In a third aspect, the present invention provides an antigen affinity prediction model established using the method of the second aspect of the invention, the antigen affinity prediction model comprising: a data acquisition module, an input vector establishing module and a model establishing module,

the data acquisition module is used for acquiring a data set of the oligomer-immune molecule combination structure, wherein the data set comprises the affinity of oligomer-immune molecule combination;

the input vector establishing module is used for mapping the sequence of the oligomer, the monomer position of the oligomer and the immune molecule into high-dimensional vectors respectively by using a data set of the oligomer-immune molecule combination structure, and fusing the three high-dimensional vectors into a vector of the oligomer-immune molecule combination structure;

the model building module is used for training a deep neural network by using the vector of the oligomer-immune molecule combination structure and affinity data to build an antigen affinity prediction model.

In one embodiment, in the model building module, the deep neural network comprises a deep convolutional layer and a multi-layer fully-connected layer, the deep convolutional layer is used for extracting feature vectors of oligomer-immune molecules in a training data set, the feature vectors are input into the multi-layer fully-connected layer, the multi-layer fully-connected layer maps the feature vectors into affinity values, and network parameters are obtained through a back propagation algorithm.

In one embodiment, a global pooling layer θ R is added after the last convolutional layer^n×p→R^pAnd p is the output dimension of the last layer to obtain a feature vector.

In one embodiment, in the multi-layered fully-connected layer, the feature vectors obtained from the deep convolutional layer are mapped to affinity values by the fully-connected layer by the following method:

According to the invention, the oligomer-immune molecule composite structure is modeled by a deep learning technology, so that the expression of a deep learning model is enhanced; the deep model of oligomer short sequences is realized by improving the deep learning technology, and the complexity and the learning capacity of a single neural network are enhanced.

Drawings

Fig. 1 shows the overall structure of an antigen affinity prediction model according to one embodiment of the present invention.
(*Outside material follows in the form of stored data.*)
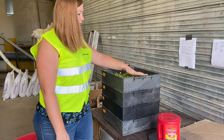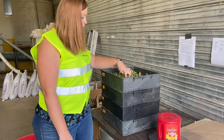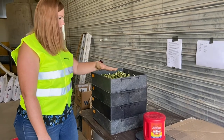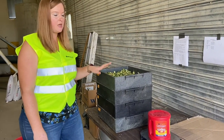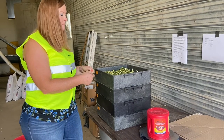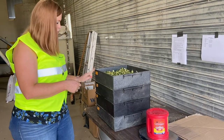You want about an inch of sample on the top. Some of it is already going to fall through — don't worry about that. Just spread it out. When you shake, you shake 5 times and then you rotate, and you do that 8 times, so it's 2 full circles.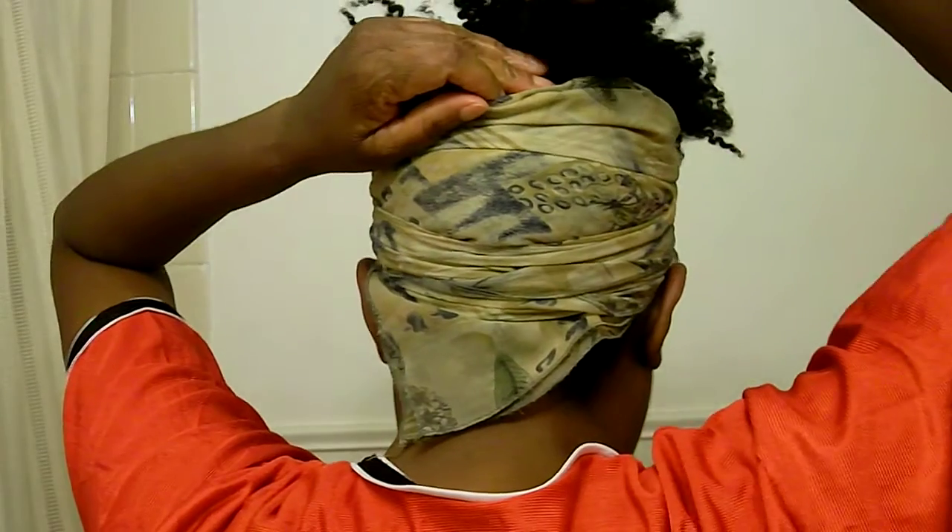Now I'm just going to take out the ponytails and let the hair stand up this way. And this is it. This is my pineapple. Now if I want to, I can put all the hair back into the ponytail and just let it be like that, or just let it be loose — it doesn't really matter. But this is my pineapple. I finally thought of how I can do it, so I wanted to share with y'all how I did it.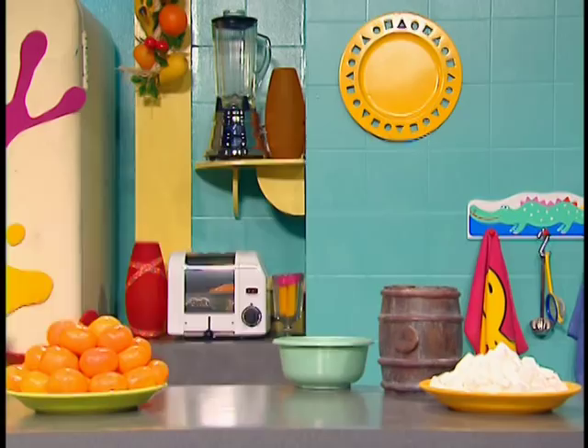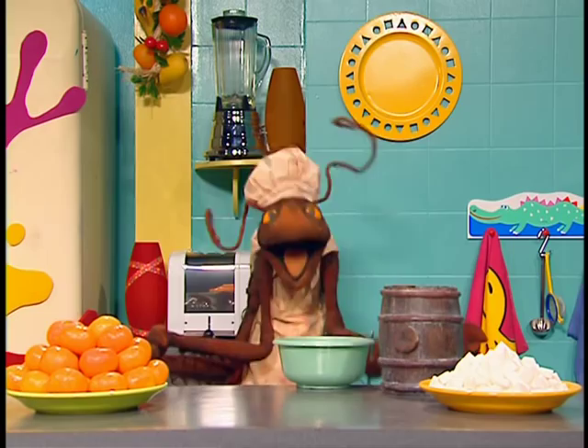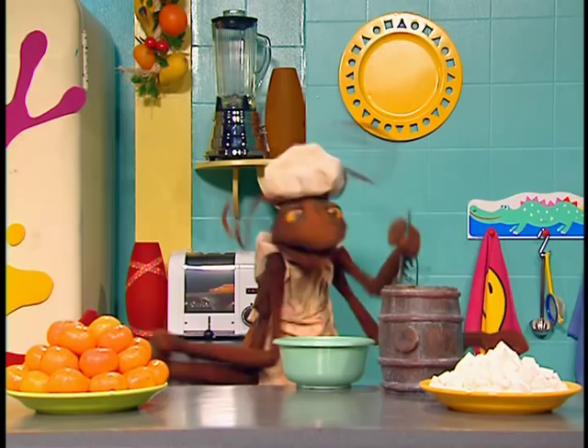It is so simple. In this bowl here, I have poured three things you will find in almost every kitchen: some oranges, some sugar, and a little pepper here. Then I mix, mix, mix, mix, mix.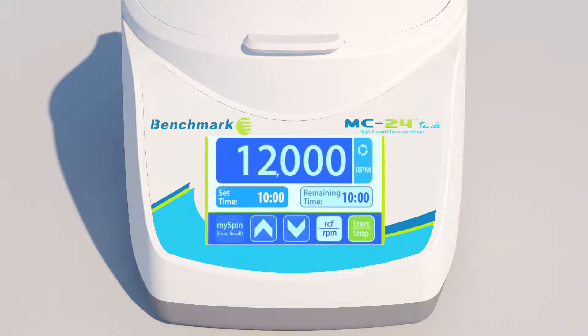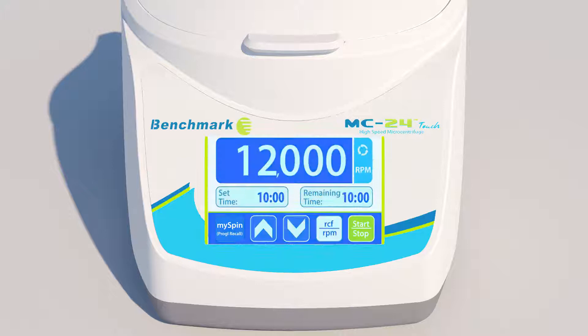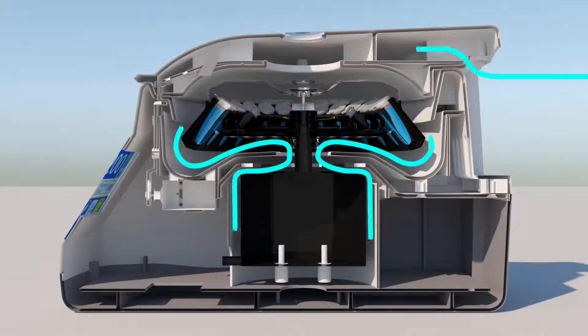Now, at any time — even after the machine has been powered off — you can recall your favorite program with one touch of the MySpin button.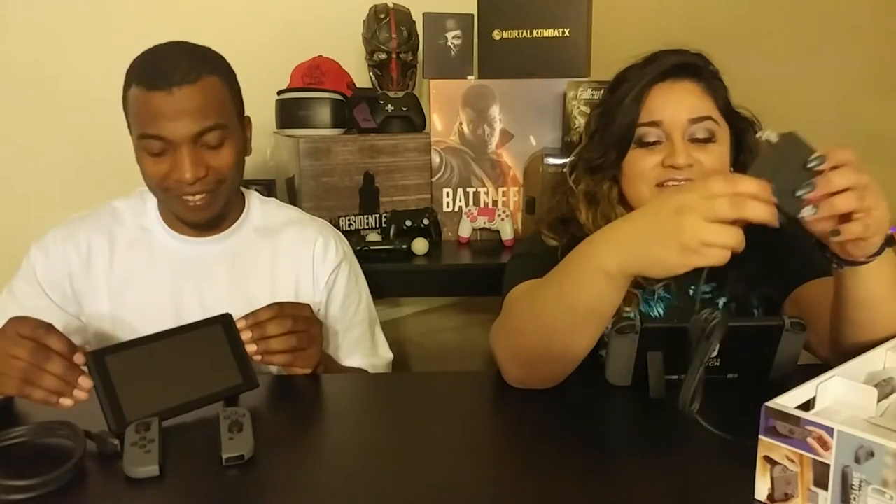HDMI cable — it's your standard affair. If you have a PS4 or Xbox, you should know what this is. It says Nintendo on it. USB Type-C. You plug it into the wall — American outlet — and a USB-C port. Let's talk about how awesome it is that they don't have some random proprietary connector. Do not try to charge your Switch with your phone charger — it will take forever. Use the included one.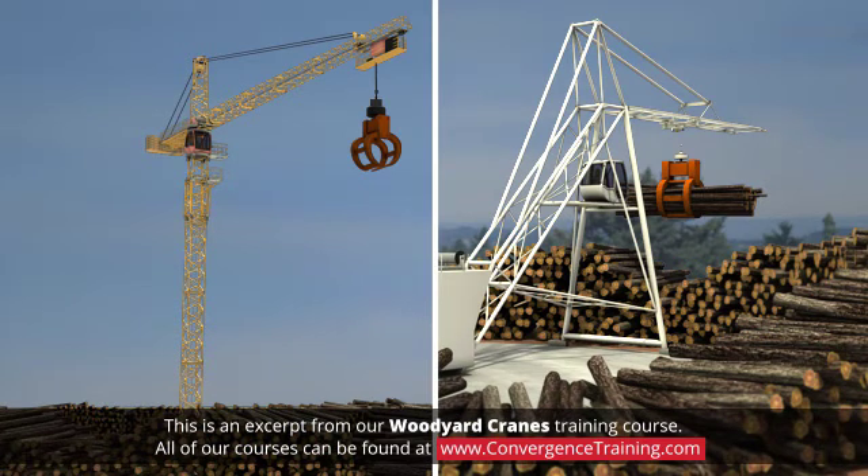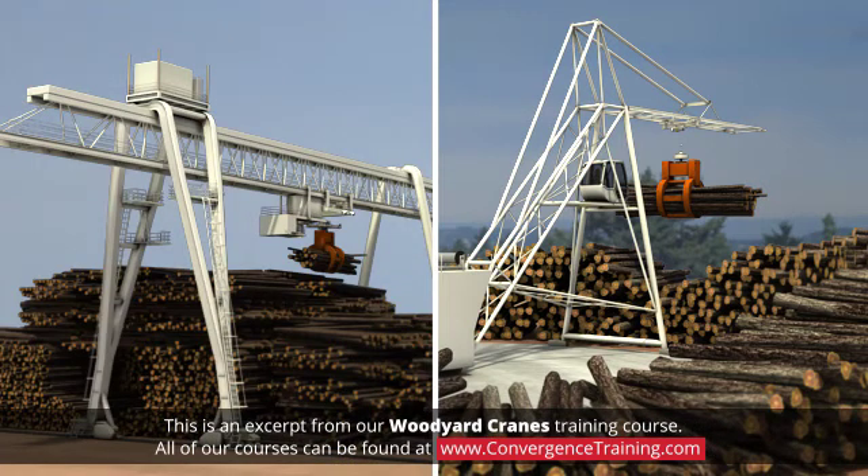One type is the tower crane. Another type is the gantry or portal crane. Within that classification there are two common layouts: linear and circular.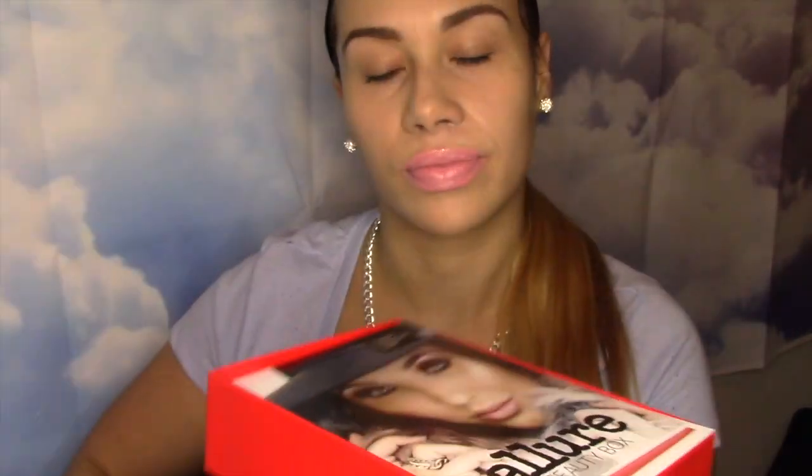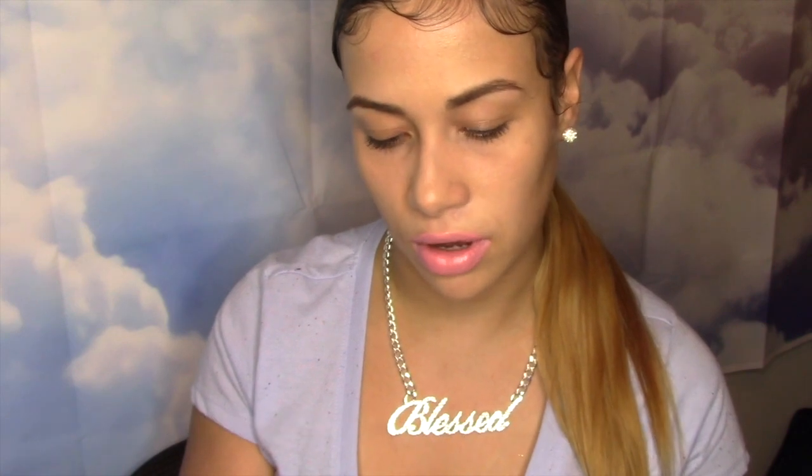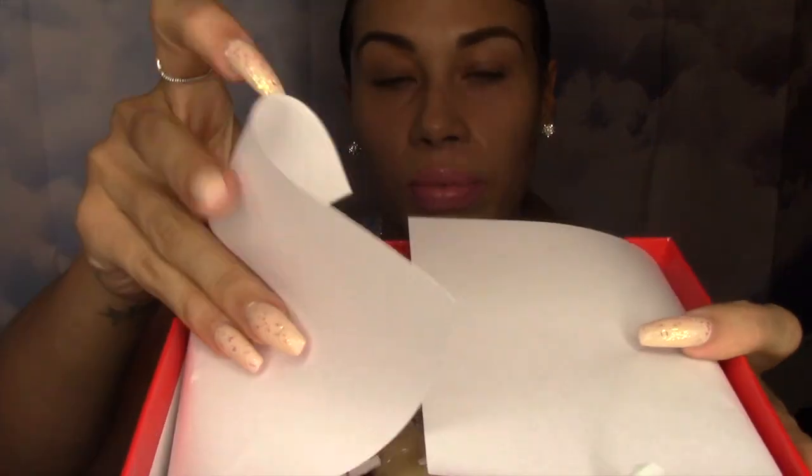Let's see what's inside. When I first open it up, this is the first thing I see — this pretty girl here. It says 'exclusive promo codes inside.' I think these papers might have something to do with what's in the box, so let's just wait to look at them so I don't spoil it. Let's open it up together.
Fig. 2 shows an input network structure of an antigen affinity prediction model according to an embodiment of the present invention.

FIG. 3 shows a computational network structure of an antigen affinity prediction model according to one embodiment of the invention.

Detailed Description

The most important two-step design of the deep learning technology is the design of an input feature expression Layer (Embedding Layer) and the design of a deep network structure of a calculation Layer. The invention considers the expression layer design of the compound and realizes the deep design of the polypeptide calculation layer by an effective means, thereby improving the learning capacity of the model, so that the model fusion learning amount is less than that required by the scheme adopted by netMHCPan commonly used in the industry, and the efficiency of the process is improved; the invention is not limited to fixed-length sequences and has wider use scenes.

In the present invention, the deep residual network model is applicable to the correlation prediction of affinity, antigen presentation and immunogenicity models of all polypeptide sequences; the method is also suitable for other short gene sequence scenes, including but not limited to MHC molecule sequence analysis, DNA high-throughput sequencing fragment analysis and the like. The length of the polypeptide sequence is typically 9 or 10 amino acids, but other lengths are also possible.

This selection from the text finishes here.